The People's Food Policy Project, an umbrella group that represents food security advocates and organizations has released its vision for a food secure Canada.

"Resetting the Table, a People's Food Policy for Canada" was released today after two years of consultations across the country.

"The People's Food Policy embodies a wave of concern, interest and action by citizens who are increasingly questioning how our current food system is organized. From connecting directly with food producers to reclaiming indigenous food systems to setting up food policy councils, people across Canada are taking actions daily that are transforming our food system from the ground up. These actions need to be translated into policy," reads the report.

The policy recommendations are unique in that they include indigenous food and land rights as well as fisheries, which are typically left out of discussions on agricultural policy.

Among it's priority recommendations include a national poverty reduction plan and mandated living wage, and an effective national housing program "to ensure that Canadians no longer have to choose between paying rent and buying food." It also recommends that Agriculture Canada shift resources "away from commodity-based, export-focused agriculture and toward a community-based, sustainability-focused agriculture that prioritizes healthy eating for all Canadians."

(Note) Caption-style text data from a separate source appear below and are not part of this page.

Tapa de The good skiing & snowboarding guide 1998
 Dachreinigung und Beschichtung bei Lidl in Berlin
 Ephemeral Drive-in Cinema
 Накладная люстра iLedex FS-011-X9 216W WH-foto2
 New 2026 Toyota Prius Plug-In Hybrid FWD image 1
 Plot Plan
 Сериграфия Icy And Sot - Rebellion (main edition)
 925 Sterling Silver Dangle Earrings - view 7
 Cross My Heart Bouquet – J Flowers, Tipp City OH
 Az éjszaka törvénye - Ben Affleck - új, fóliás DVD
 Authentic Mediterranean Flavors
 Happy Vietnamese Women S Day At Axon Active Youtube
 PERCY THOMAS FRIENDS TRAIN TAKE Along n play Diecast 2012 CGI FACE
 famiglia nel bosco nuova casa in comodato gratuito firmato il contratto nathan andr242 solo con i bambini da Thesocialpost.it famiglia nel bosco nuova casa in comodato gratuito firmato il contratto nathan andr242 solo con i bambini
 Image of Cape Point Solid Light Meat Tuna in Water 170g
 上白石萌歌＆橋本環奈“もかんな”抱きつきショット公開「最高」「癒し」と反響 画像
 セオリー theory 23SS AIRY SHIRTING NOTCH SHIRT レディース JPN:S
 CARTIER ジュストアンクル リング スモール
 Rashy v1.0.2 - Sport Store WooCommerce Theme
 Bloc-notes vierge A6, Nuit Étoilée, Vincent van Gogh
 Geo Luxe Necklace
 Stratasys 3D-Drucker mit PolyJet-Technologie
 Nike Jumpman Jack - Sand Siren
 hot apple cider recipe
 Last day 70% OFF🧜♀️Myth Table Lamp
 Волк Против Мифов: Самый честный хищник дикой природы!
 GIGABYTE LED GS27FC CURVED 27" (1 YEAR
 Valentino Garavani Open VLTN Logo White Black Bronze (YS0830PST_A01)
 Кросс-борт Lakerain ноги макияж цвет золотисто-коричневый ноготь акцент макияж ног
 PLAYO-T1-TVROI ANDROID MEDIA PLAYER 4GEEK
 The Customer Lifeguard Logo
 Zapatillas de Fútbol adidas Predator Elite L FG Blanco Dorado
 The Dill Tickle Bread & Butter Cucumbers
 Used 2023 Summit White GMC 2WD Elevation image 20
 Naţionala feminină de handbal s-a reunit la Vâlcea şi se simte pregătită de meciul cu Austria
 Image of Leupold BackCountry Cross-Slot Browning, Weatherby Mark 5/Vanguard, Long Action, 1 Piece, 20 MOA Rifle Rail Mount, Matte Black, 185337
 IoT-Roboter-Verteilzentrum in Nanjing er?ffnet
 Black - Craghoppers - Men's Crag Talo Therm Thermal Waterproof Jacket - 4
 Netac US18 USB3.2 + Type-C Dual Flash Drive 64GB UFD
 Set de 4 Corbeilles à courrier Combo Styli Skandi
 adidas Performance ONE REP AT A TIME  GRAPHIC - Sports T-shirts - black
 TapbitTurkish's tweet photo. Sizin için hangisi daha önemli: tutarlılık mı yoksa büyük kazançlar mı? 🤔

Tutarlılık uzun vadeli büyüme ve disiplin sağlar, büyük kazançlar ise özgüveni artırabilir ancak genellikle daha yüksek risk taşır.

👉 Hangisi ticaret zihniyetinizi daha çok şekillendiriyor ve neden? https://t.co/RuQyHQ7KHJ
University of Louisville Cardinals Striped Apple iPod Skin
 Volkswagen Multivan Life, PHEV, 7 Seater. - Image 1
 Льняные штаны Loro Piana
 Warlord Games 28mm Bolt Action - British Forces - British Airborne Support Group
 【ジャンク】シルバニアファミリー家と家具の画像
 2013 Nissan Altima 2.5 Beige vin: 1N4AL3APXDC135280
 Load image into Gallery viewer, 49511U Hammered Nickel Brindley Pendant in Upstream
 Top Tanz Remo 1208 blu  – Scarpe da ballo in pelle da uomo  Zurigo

The recommendations also call for more co-operative models of infrastructure ownership, such as shared processing equipment. A lack of adequate processing facilities for canning and freezing, for example, has been identified as a major gap in the growing local food movement.

Cathleen Kneen is chair one of the Food Secure Canada, one of the funders and architects that helped shaped the policy.

"The fact is we're facing climate change and the end of fossil fuels," she told The Tyee. "We need to have food systems that are resilient. The less you're dependent on something coming from somewhere else, the better off you're going to be if things start turning sideways."

Colleen Kimmett reports for The Tyee.